Mercredi, la garde des Sceaux a semblé souscrire à ce constat, indiquant d'un "travail" devait "être fait sur les menaces terroristes sur internet" et assurant "travailler à renforcer notre arsenal législatif pour mettre en place des sanctions effectives". Des propositions en ce sens devraient être formulées d'ici le printemps. De quel ordre ? "On pourrait d'abord imposer aux hébergeurs américains d'avoir l'équivalent d'un responsable pénal de la publication dans les pays où ils sont implantés", afin d'éviter l'aller-retour procédural vers les États-Unis, avance Alain Jakubowicz.

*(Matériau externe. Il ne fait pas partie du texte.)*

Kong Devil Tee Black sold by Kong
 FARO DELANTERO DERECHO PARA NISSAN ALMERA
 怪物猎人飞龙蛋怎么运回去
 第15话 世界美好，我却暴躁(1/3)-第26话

Davantage d'enquêteurs spécialisés ? Autre piste, pour résoudre le problème de la difficile identification : "créer un délit spécifique qui obligerait les hébergeurs à s'assurer de la réalité des informations données par quelqu'un lorsqu'il ouvre un compte", propose l'avocat. "Cela n'empêcherait pas aux utilisateurs de Twitter d'écrire sous pseudo. Mais lorsqu'ils franchiraient une ligne jaune, l'anonymat sauterait", facilitant ainsi le travail de la justice. "On pourrait même imaginer innover avec de nouvelles peines pour les hébergeurs, comme c'est le cas pour l'affichage en droit de la consommation", ajoute Myriam Quemener. "Sur le terrorisme, il y a quand même un consensus : les réseaux sociaux jouent leur image. On est à un niveau diplomatique, stratégique."

Une éventuelle nouvelle loi devrait s'accompagner d'une augmentation des effectifs d'enquêteurs spécialisés, pour l'instant "trop peu nombreux", de l'avis des différents interlocuteurs interrogés par Europe 1. "Au niveau local, même dans des agglomérations moyennes, on nous regarde encore avec de grands yeux quand on veut porter plainte pour des faits commis sur internet", déplore Anthony Bem. "Il y a du chemin à faire pour mettre fin au sentiment d'impunité."